James William Chappell (3 March 1915 – 3 April 1973) was a British ice hockey player who played in the English National League (ENL). He is known for playing for the Great Britain national ice hockey team which won the gold medal at the 1936 Winter Olympics. He is a member of the British Ice Hockey Hall of Fame.

==Career==
Although born in Huddersfield in England, Chappell's family emigrated to Canada when he was 10 years old. He learned to play ice hockey while living in Toronto, Ontario where he progressed through the junior ranks to play with the Oshawa Collegiates and the Whitby Intermediates between 1931 and 1934.

===Club===
Chappell returned to England in 1935, when he joined the Earls Court Rangers for their inaugural season in the ENL. He stayed with Earls Court for three seasons before joining the Fife Flyers in Scotland for their inaugural season in 1938–39. He again joined a club for their inaugural season when he joined the Dunfermline Vikings for the 1939–40 season. After World War II – in which he took part in the D-Day landings at Normandy – Chappell joined the Brighton Tigers for the 1946–47 season staying with them until he retired following the 1948–49 season.

===International===

Chappell played for the GB national team at the 1936 Winter Olympics, where he scored two goals in the six games he played and helped the team win the gold medal.

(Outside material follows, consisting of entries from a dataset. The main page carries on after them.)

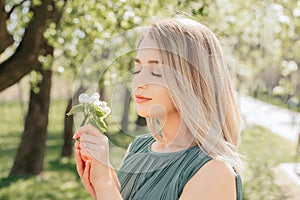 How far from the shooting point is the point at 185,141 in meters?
2.02

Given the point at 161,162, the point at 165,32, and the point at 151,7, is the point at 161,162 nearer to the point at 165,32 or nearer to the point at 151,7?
the point at 165,32

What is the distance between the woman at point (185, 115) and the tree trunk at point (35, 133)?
361 inches

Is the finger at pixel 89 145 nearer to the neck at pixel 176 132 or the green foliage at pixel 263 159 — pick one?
the neck at pixel 176 132

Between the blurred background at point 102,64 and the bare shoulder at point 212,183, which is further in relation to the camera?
the blurred background at point 102,64

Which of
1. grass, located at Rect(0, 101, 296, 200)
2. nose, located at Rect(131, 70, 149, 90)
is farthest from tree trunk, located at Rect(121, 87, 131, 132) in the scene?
grass, located at Rect(0, 101, 296, 200)

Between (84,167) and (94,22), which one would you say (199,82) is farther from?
(94,22)

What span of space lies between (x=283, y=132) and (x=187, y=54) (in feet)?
69.0

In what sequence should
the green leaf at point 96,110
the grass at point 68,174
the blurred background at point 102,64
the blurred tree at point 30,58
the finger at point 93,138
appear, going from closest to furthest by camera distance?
1. the finger at point 93,138
2. the green leaf at point 96,110
3. the blurred background at point 102,64
4. the blurred tree at point 30,58
5. the grass at point 68,174

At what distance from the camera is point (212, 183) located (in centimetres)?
185

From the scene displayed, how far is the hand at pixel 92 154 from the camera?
1.84 m

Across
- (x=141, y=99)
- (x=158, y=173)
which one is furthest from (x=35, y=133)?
(x=141, y=99)

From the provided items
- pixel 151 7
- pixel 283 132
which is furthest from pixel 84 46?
pixel 283 132

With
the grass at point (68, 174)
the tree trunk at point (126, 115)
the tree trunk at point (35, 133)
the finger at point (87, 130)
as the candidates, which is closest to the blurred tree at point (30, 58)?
the tree trunk at point (35, 133)

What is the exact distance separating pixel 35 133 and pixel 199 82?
9.80 metres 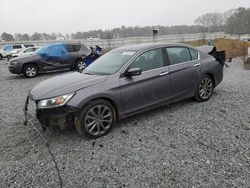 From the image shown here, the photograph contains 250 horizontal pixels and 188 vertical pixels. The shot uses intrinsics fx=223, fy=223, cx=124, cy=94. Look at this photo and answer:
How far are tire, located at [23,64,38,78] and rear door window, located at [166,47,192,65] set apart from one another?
8039 millimetres

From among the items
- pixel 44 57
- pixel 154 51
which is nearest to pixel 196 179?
pixel 154 51

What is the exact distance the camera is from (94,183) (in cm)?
269

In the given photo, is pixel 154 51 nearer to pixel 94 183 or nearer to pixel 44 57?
pixel 94 183

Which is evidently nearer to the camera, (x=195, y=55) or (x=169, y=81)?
(x=169, y=81)

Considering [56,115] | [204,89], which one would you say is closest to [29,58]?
[56,115]

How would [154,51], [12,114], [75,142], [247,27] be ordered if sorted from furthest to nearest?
[247,27] < [12,114] < [154,51] < [75,142]

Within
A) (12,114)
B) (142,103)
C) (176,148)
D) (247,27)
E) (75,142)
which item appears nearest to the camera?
(176,148)

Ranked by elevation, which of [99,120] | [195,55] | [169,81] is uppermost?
[195,55]

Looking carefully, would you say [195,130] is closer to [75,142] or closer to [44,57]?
[75,142]

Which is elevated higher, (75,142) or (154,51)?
(154,51)

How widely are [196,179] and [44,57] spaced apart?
9.99 metres

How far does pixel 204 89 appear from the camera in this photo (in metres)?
5.36

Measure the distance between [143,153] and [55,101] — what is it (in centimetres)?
157

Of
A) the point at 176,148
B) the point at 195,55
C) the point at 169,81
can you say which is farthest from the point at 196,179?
the point at 195,55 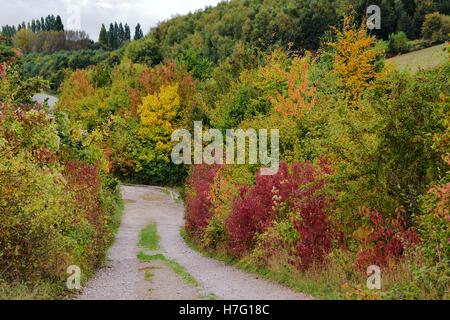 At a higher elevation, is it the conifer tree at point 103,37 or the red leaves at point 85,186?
the conifer tree at point 103,37

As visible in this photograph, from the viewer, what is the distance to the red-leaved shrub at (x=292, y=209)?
1382 centimetres

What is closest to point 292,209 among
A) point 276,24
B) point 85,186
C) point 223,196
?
point 223,196

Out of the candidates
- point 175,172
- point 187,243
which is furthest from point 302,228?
point 175,172

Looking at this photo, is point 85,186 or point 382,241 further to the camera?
point 85,186

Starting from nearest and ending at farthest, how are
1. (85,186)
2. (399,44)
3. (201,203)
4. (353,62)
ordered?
(85,186) → (201,203) → (353,62) → (399,44)

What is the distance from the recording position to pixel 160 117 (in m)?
55.2

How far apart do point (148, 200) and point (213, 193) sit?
2741 centimetres

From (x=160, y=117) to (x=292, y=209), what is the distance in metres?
40.9

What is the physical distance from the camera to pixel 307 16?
275ft

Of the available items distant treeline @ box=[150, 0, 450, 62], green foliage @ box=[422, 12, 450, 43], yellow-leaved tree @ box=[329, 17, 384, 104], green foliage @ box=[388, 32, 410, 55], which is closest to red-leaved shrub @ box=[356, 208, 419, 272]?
yellow-leaved tree @ box=[329, 17, 384, 104]

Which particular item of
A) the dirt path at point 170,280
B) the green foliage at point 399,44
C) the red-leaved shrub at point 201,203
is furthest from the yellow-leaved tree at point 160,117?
the green foliage at point 399,44

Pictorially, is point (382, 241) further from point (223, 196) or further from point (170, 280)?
point (223, 196)

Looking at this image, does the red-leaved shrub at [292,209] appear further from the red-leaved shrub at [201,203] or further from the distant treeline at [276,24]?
the distant treeline at [276,24]

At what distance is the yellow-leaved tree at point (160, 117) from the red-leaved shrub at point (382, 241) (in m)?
43.5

Chappell also played for the GB national team in the 1937 and 1938 World Championships. In the 1937 championships he helped the team to the silver medal and, as the highest-placed European team, the gold medal in the European Championships at the tournament. In the 1938 championships, he again helped the team to a silver medal.

In 1948, Chappell again appeared for the GB national team at the Olympics held in Switzerland when the team finished in sixth place.

==Retirement==
After retiring from ice hockey, Chappell continued to contribute to the game for a while as a referee. He then returned with his family to Canada where he was successful in business before he died suddenly while on holiday in Pinellas County, Florida in 1976.

==Awards and honours==
- Olympic gold medalist in 1936.
- World Championship silver medalist in 1937 and 1938.
- European Championship gold medalist in 1937.
- Inducted to the British Ice Hockey Hall of Fame in 1993.